Oyama would always refer to Funakoshi as his ‘true’ karate teacher and would later state that of all the things he learned from the founder of the Shotokan system, kata was the most important. After the end of World War Two, Oyama began to train under fellow Korean Nei-Chu So, an exponent of the Goju Ryu style and one of Gogen The Cat Yamaguchi’s best students. He also took up Judo at this time and within four years was a fourth-degree black belt in the discipline.

Mas Oyama on Mount Minobu

After becoming disillusioned with his martial arts training, Oyama decided to throw everything he had at it so he went to the top of Mount Minobu in the Chiba Prefecture, the same place the great samurai Miyamoto Musashi is said to have received inspiration for his double sword system. Sosai Oyama stayed there for eighteen months, testing himself against nature with gruelling training methods that included:

  • Practicing techniques and meditating under freezing cold waterfalls
  • Jumping over bushes and boulders repeatedly
  • Using trees and rocks as makiwara boards to condition the bones in his hands, arms, legs and feet
  • Running up and down steep slopes 
  • Lifting heavy rocks hundreds of times as strength training
He would rise at five in the morning and once his training was done, would read extensively from martial arts manuals and from Buddhist texts. He would finish the day with contemplative meditation; it was here that he began to develop the ideas that would form his own style, Kyokushin karate, and where he first thought of the idea of testing his abilities by fighting a bull.

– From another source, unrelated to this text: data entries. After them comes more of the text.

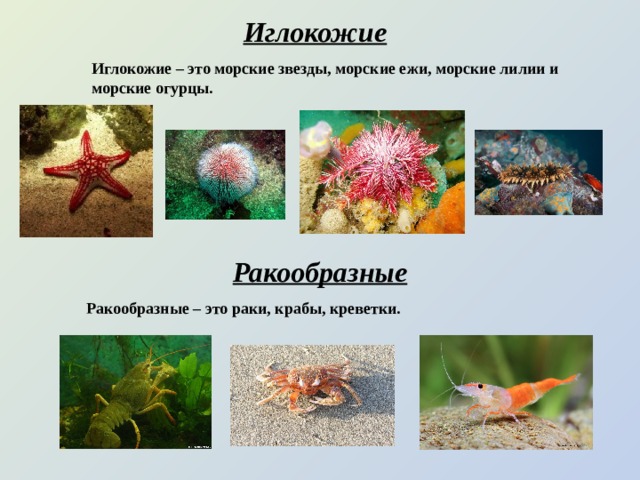 Иглокожие Иглокожие – это морские звезды, морские ежи, морские лилии и морские огурцы. Ракообразные Ракообразные – это раки, крабы, креветки. 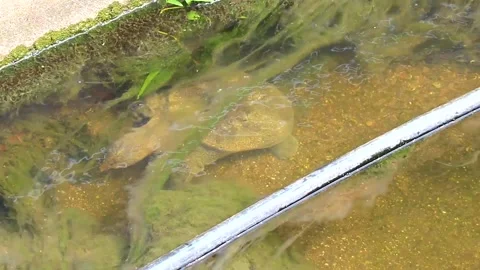 Spiny softshell turtle swimming swims in river lake water Thailand. Stock Footage 328074416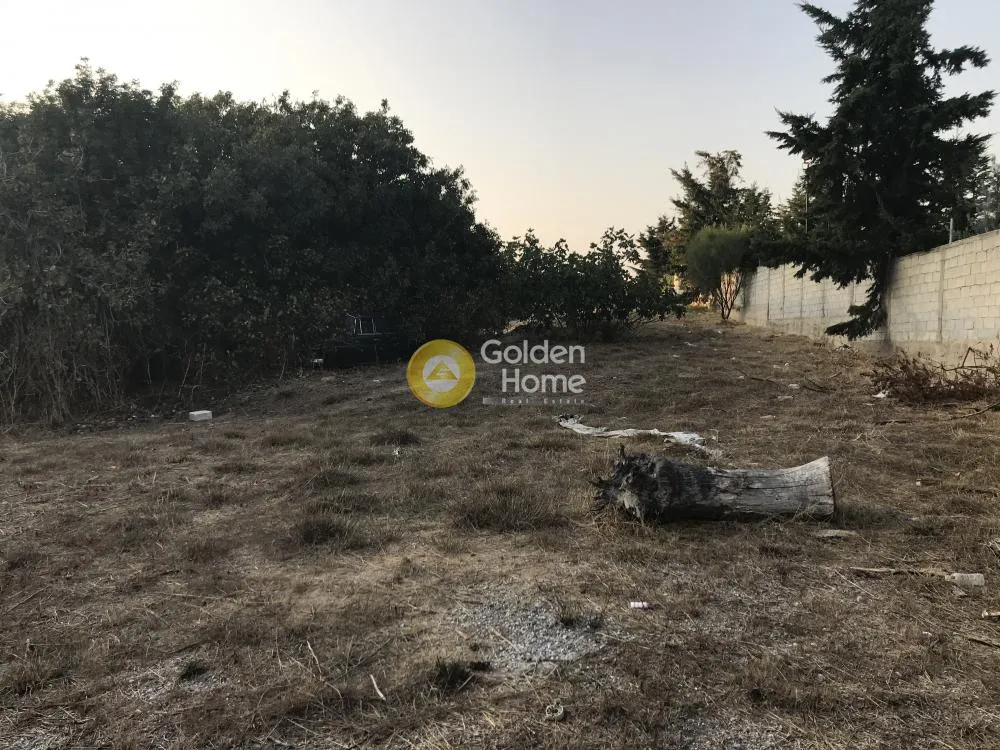 Αγροτεμάχιο 2620τ.μ.  - 3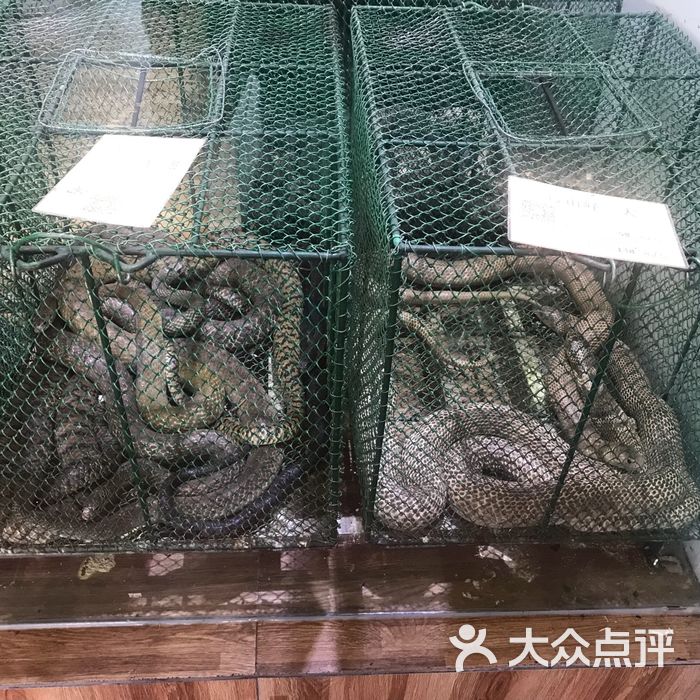 榕记·专注蛇宴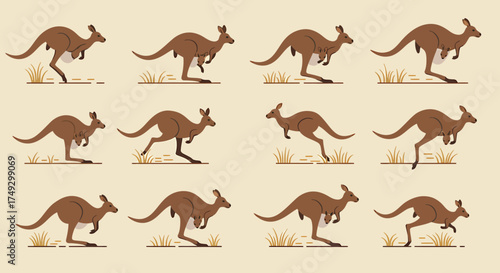Twelve illustrations show brown kangaroos some with joeys in various hopping poses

When he left the mountain and returned to civilisation, he entered the first All Japan Karate Tournament held in Kyoto, which he won. Despite his victory, he still felt that something was lacking in his karate so he went back into isolation, this time heading for Mount Kiyosumi for another year of fourteen-hour-a-day training sessions and continuous contemplation and reflection. 

Mas Oyama’s Bull Fights

When he returned, he decided that he wanted to take on the ultimate challenge in a life-and-death contest so he undertook a series of fifty-two fights against bulls, with his bare hands. On three occasions the bulls were killed instantly by his strikes and forty-nine had their horns taken clean off by his knife-hand strike. 

While this seems a little untoward to the modern reader due to the cruelty to animals aspect, it must be remembered that this was in the 1950s and people had a totally different mentality then and that the animals he fought were also all ready for slaughter so would have died anyway. As a feat of strength, bravery and a demonstration of devastating technique, Sensei Mas Oyama’s bull fights are unparalleled. That said, his first attempt in 1957 did not go too well and even though he eventually won, he was bedridden for six months from injuries sustained from the fight.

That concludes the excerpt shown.